# Favour needed - dark photo



## ksm1985 (Dec 27, 2008)

I have a photo of me, the background is fine but it was taken in the shade so i am quite dark, sadly i dont have any good editing software, what i do have has not worked, anyone with good skills and a few mins be able to help me? i'll PM pic, thanks

kev


----------



## bretti_kivi (Apr 22, 2008)

send it over. You can't attach a pic to a PM normally in VB. Link it, I'll see what I can do. No guarantees, mind 

Bret


----------



## herbie147 (May 30, 2010)

Post it up so we can get a laugh kev. I'll photoshop it for you :lol:


----------



## Th3Doctor (Feb 2, 2010)

Designer by trade send it my way if no one else can help


----------



## ksm1985 (Dec 27, 2008)

herbie147 said:


> Post it up so we can get a laugh kev. I'll photoshop it for you :lol:


how about no :lol:


----------



## ksm1985 (Dec 27, 2008)

Th3Doctor said:


> Designer by trade send it my way if no one else can help


ok cheers


----------



## spitfire (Feb 10, 2007)

Post it up and we can all have a shot


----------



## ksm1985 (Dec 27, 2008)




----------



## bretti_kivi (Apr 22, 2008)

ok, a quick play says:
- the eye on the left is screwed up by photobucket. It will always look like you have a black eye with this base.
- if you raise the VALUE curve from the bottom left it lightens nicely, then you can drop the bottom of the curve and it looks pretty OK. Except for the eye.

Bret


----------



## ksm1985 (Dec 27, 2008)

i knew it would be a difficult one to do but thanks dude


----------



## spitfire (Feb 10, 2007)




----------



## Katana (Mar 31, 2007)

Download Google's Picasa software, it's easy to fix stuff like this with the Fill Light slider.
Lesson: When out in bright sunlight use the flash to illuminate the face so you don't end up being in the dark.


----------



## shaqs77 (Jun 10, 2008)

u can download picassa for free, its a really good and easy to use software.


----------



## bretti_kivi (Apr 22, 2008)

Picasa is a lot more limiting than for example GIMP, IMO... plus GIMP has UFRaw as a plugin.

Bret


----------



## herbie147 (May 30, 2010)

Sorry kev, just aint getting the hang of photoshop


----------



## ksm1985 (Dec 27, 2008)

herbie147 said:


> Sorry kev, just aint getting the hang of photoshop


http://gamesmuseum.uwaterloo.ca/Archives/Culin/Hawaii1899/graphics/****3.jpg


----------



## Th3Doctor (Feb 2, 2010)

Hello mate Ive PM you as well as posting here. The retouched picture - Due to the very poor quality of the original I was unable to do a full correction. (as the results you can get are all dependant on the quality of the original.) But I have done my best. It will look different to you as it does form me due to screen calibration. Start with this and let me know if you want any more changes, but I think the images is at its limits.

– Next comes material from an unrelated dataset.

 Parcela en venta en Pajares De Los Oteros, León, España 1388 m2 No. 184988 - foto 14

Do you have a Hires original?


----------



## Th3Doctor (Feb 2, 2010)

Does anyone know how i get the image to display in the post?


----------



## HornetSting (May 26, 2010)

Would a flash really deal with the dark areas? I would think the sun etc is too bright for a 'normal' cameras flash to deal with that. Is it not the shadow of the nearby tree thats causing the dark area. 

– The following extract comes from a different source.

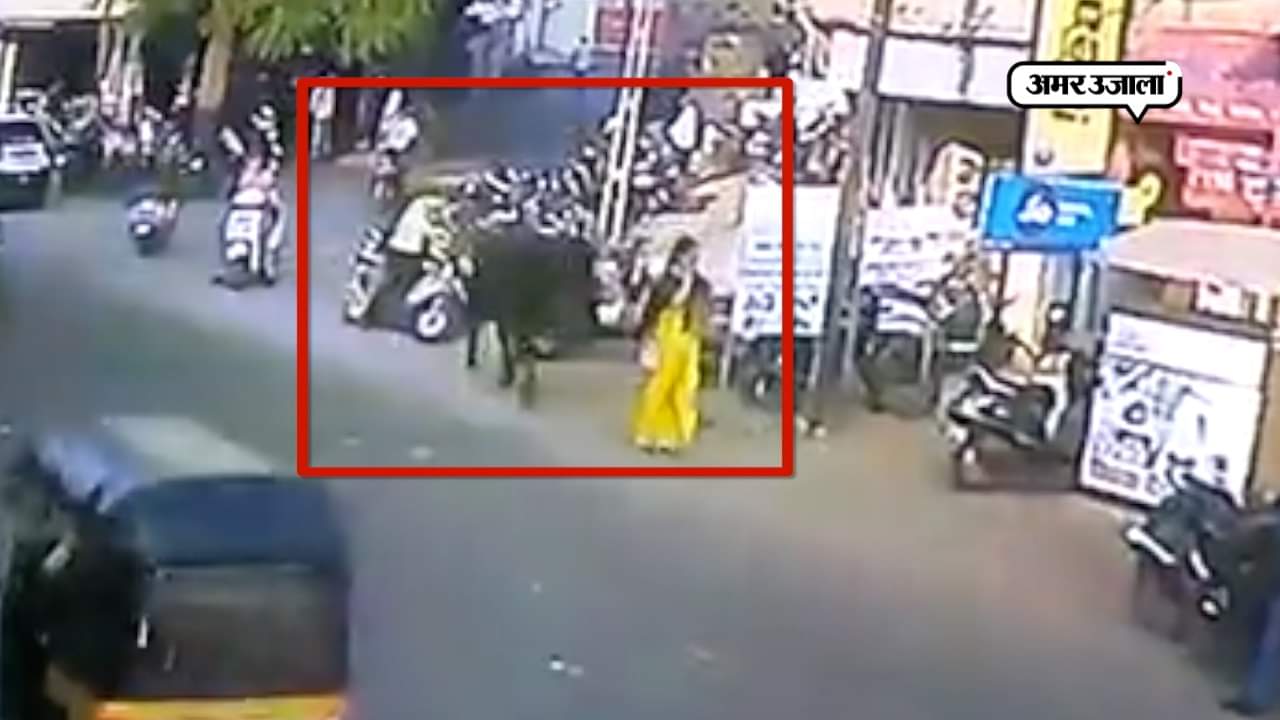 सांड का हमला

Some of the attempts to correct are great, especially the first one.


----------



## Katana (Mar 31, 2007)

HornetSting said:


> Would a flash really deal with the dark areas?


Go try it for yourself, it won't work well over a certain distance because flashes have a limited range, but most shots of people are shot pretty close anyway solving that problem.
This technique is called Fill Flash, google it as there's a ton of articles about it.


----------



## Mike_182 (Mar 22, 2007)

A good strong flash gun would be like an x-ray on him, so yeah - as long as that photo's not taken by someone on the end of a £100,000 1200mm lens stood half a mile away then I don't see why it should be a problem


----------